L'on nous accusera de substituer à la sacro-sainte "organisation" un messianisme et une chevalerie de Don Quichotte. Ce sera bon signe de mettre en colère les hommes d'appareil et les manipulateurs de tous bords: le signe que nous ne céderons pas à la mode d'un certain "manageering" économique ou politique pour lequel l'homme n'est qu'une "marionnette mise en scène par les structures" et que nous maintiendrons fermement que si l'homme ne sauvegarde pas sa "distanciation" à l'égard de toute institution, s'il abdique son droit à l'initiative historique, l'organisation cesse de servir l'homme pour l'asservir.
L'on nous accusera de substituer à la politique une mythologie anarcho-syndicaliste. Ce sera bon signe si nous mettons en colère tous ceux pour qui la politique est devenue le métier de parler au nom des autres en se substituant à eux: le signe que nous ne céderons pas aux facilités de la délégation de pouvoirs et que nous entendons changer le concept même de politique en en faisant la science et l'art de créer les conditions dans lesquelles chacun pourra participer à la détermination des fins de la société et à l'autogestion de toutes les activités sociales.
Une science, car il appartiendra par exemple aux économistes qui entendent pousser plus loin ce projet, de construire (comme le fit le docteur Quesnay avec son "Tableau économique de la France", à un autre moment de fracture de l'histoire, quelques années avant la Révolution française), un double modèle, du réel présent et du possible futur. C'est-à-dire: mettre en évidence, avec le maximum de rigueur, les sources actuelles du revenu national et sa répartition entre les diverses couches de la nation; et, en opposition, construire un modèle possible dégageant les sources potentielles du revenu national qui naîtraient d'une réorganisation des structures économiques et sociales, d'une réorganisation de la production ayant pour fin non les profits de quelques-uns mais les besoins de tous, éliminant les parasitismes, les gaspillages, les freinages inhérents au système fondé sur le profit pour le profit, et la croissance aveugle. Je n'ignore pas les difficultés d'une telle entreprise, mais seule la construction d'un tel modèle permet d'échapper à toute démagogie tendant à juxtaposer des revendications et des convoitises sans démontrer la possibilité concrète de leur financement et de leur satisfaction. Seule la construction d'un tel modèle donnera une image crédible et accessible à tous de ce que pourra être une planification démocratique et une répartition nouvelle du revenu national orientée par la priorité absolue des investissements dans l'homme. La réalisation d'une telle tâche requiert la participation de milliers de spécialistes, de chercheurs bénévoles, militants, et l'articulation avec la permanente enquête à la base sur les besoins naissants et leur incessante évolution.

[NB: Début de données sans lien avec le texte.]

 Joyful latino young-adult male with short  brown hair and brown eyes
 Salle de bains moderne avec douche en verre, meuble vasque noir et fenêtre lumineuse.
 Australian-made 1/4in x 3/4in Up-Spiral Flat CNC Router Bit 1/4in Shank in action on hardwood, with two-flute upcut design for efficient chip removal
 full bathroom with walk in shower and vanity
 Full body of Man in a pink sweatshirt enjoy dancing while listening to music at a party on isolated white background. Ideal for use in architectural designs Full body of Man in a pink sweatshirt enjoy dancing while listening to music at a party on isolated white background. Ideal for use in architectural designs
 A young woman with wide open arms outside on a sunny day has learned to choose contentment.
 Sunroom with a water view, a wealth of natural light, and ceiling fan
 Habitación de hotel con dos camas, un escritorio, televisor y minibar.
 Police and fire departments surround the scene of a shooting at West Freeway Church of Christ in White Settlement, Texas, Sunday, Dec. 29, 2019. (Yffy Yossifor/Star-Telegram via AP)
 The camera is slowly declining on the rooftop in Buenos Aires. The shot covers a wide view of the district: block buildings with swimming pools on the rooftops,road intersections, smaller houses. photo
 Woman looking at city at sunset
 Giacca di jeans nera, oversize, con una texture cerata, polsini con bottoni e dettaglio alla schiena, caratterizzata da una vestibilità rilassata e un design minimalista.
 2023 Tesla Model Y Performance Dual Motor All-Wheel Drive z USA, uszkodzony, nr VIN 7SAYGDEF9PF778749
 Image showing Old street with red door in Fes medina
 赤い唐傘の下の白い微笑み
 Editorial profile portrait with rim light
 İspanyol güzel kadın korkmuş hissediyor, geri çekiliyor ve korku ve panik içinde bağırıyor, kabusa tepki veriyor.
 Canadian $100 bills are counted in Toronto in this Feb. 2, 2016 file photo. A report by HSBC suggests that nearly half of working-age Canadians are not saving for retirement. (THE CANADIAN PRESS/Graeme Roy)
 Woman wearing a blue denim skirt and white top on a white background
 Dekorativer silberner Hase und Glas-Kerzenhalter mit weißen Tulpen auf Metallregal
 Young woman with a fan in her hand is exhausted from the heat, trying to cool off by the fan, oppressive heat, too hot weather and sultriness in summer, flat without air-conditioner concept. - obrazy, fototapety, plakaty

Un art aussi. Car il ne suffit pas de connaître et de faire connaître, il faut encore appeler et éveiller. A cela peuvent contribuer tous ceux qui possèdent le moindre moyen d'expression, de l'artiste créateur au journaliste, et à quiconque a le désir de communiquer sa foi dans un avenir à visage humain.
Ce livre aura atteint son but s'il a aidé quelques-uns à prendre conscience à la fois de l'impasse, de la possibilité d'en sortir, et de leur responsabilité personnelle dans cette entreprise.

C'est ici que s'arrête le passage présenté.